J'essai en vain d'installer une copie de Windows 10 via Boot Camp.
J'ai bien télécharger le fichier ISO sur le site de microsoft : Win10_1909_French_x64.iso
Je branche une clé USB 2.0 de 32Go (formater en FAT32, partition MBR) et lance les opérations via l'assistant Boot Camp. 
Je laisse tout de cocher. 
Le processus commence, je sélectionne l'ISO, ma clé USB....
Le formatage s'exécute avec succès.. Place à la copie des fichier Windows... et la c'est le drame. 

Ça bloque à la moitié... Pour finalement m'annoncer "Impossible de créer votre disque USB démarrage. L'espace disponible est insuffisant sur le disque.

Pouvez vous m'aider stp ? 

A propos de mon mac :

iMac 21,5 fin 2013
Processeur 2,7Ghz Core i5
Mémoire 8Go 1600 MHz DDR3
OS High Sierra 10.13.6

Un tout grand merci par avance.


----------



## Locke (31 Mars 2020)

sbstndrn a dit:


> Je branche une clé USB 2.0 de 32Go (formater en FAT32, partition MBR)

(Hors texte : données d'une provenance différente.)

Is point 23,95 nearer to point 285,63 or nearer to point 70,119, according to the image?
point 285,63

C'est un peu vieux pour moi l'utilisation d'une clé USB, mais il semble qu'il serait souhaitable que ce soit plutôt une clé USB en 3.0. Recommence avec ta clé USB 2.0 mais en choisissant Table de partition GUID, mais je ne garantis rien.


----------



## sbstndrn (31 Mars 2020)

Locke a dit:


> C'est un peu vieux pour moi l'utilisation d'une clé USB, mais il semble qu'il serait souhaitable que ce soit plutôt une clé USB en 3.0. Recommence avec ta clé USB 2.0 mais en choisissant Table de partition GUID, mais je ne garantis rien.



Merci de ta réponse.
Je viens de réessayer en formatant et en choisissant la table de partition GUID.... Même résultat


----------



## Locke (31 Mars 2020)

sbstndrn a dit:


> Je viens de réessayer en formatant et en choisissant la table de partition GUID.... Même résultat


Je ne vois pas et Apple ne dit pas grand chose... https://support.apple.com/fr-fr/HT206202 ...de plus je ne connais pas tout et jamais je n'ai rencontré un tel message, là je sèche !


----------



## staind06 (5 Novembre 2020)

sbstndrn a dit:


> Merci de ta réponse.
> Je viens de réessayer en formatant et en choisissant la table de partition GUID.... Même résultat


bonjour , ece que tu a trouver la solution car jai exactement le meme probleme


----------